Perkembangan siswa SD berada pada tahap operasional konkret pada umur 7-11 tahun, Piaget dalam Isro’atun dan Rosmala (2018: 1), sehingga peserta didik SD tidak akan dapat memahami operasi logis dalam konsep matematika tanpa dibantu oleh benda konkret. Pembelajaran matematika menggunakan benda konkret sebagai sumber belajar sesuai dengan model pembelajaran Realistic Mathematics Education (RME). Menurut Wijaya (2012: 20) bahwa, model RME merupakan pembelajaran yang memanfaatkan lingkungan (dunia nyata) sebagai sumber belajar. Model RME dalam pembelajaran matematika merupakan proses pembelajaran dengan melibatkan persoalan-persoalan nyata dalam penerapan pembelajaran yang sesuai dengan kehidupan sehari-hari Karjiyati, dkk (2014 : 228-234).
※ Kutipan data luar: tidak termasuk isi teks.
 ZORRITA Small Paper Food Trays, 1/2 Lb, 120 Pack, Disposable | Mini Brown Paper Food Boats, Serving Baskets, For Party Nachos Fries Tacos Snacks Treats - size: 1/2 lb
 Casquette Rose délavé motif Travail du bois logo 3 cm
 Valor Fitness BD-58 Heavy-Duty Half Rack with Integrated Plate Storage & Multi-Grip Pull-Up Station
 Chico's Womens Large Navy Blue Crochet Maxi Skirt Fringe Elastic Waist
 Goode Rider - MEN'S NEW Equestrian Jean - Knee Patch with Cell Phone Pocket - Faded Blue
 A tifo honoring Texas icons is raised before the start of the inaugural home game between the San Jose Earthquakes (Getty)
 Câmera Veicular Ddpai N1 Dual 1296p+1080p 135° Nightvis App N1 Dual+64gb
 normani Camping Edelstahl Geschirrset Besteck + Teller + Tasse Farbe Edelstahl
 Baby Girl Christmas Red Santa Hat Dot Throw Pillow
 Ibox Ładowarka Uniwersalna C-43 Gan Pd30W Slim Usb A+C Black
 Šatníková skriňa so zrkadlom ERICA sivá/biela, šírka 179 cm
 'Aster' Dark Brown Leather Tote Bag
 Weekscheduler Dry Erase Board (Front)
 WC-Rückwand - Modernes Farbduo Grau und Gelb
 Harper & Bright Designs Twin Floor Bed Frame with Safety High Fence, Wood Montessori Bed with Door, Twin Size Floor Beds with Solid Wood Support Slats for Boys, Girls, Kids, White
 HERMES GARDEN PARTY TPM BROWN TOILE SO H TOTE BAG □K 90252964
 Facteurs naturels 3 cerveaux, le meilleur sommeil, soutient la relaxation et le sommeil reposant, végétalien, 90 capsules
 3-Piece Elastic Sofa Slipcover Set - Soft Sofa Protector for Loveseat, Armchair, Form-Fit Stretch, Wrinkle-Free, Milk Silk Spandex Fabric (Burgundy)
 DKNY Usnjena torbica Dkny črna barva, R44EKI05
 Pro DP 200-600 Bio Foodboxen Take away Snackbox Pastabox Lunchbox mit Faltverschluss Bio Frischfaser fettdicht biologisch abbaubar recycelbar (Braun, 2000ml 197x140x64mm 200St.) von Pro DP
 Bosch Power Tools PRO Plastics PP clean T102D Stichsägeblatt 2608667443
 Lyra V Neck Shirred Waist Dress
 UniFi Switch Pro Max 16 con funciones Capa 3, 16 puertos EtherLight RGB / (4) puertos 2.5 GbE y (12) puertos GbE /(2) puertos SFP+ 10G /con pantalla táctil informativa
Salah satu contoh isu kecerdasan dalam kurikulum 2013 pada saat ini adalah High Order Thinking Skill (HOTS) yang merupakan bagian dari kemampuan berpikir kritis. Shapiro dalam Amir (2015: 162) mengungkapkan berpikir kritis adalah suatu aktivitas mental yang berkaitan dalam penggunaan nalar yang menggunakan proses mental seperti memperhatikan, mengkategorikan, menyeleksi, dan memutuskan pemecahan suatu masalah. Menurut Asih, dkk (2017 : 525) bahwa model RME memberi kesempatan peserta didik untuk membangun pengetahuan dan menumbuh kembangkan kemampuan berpikir kritis siswa.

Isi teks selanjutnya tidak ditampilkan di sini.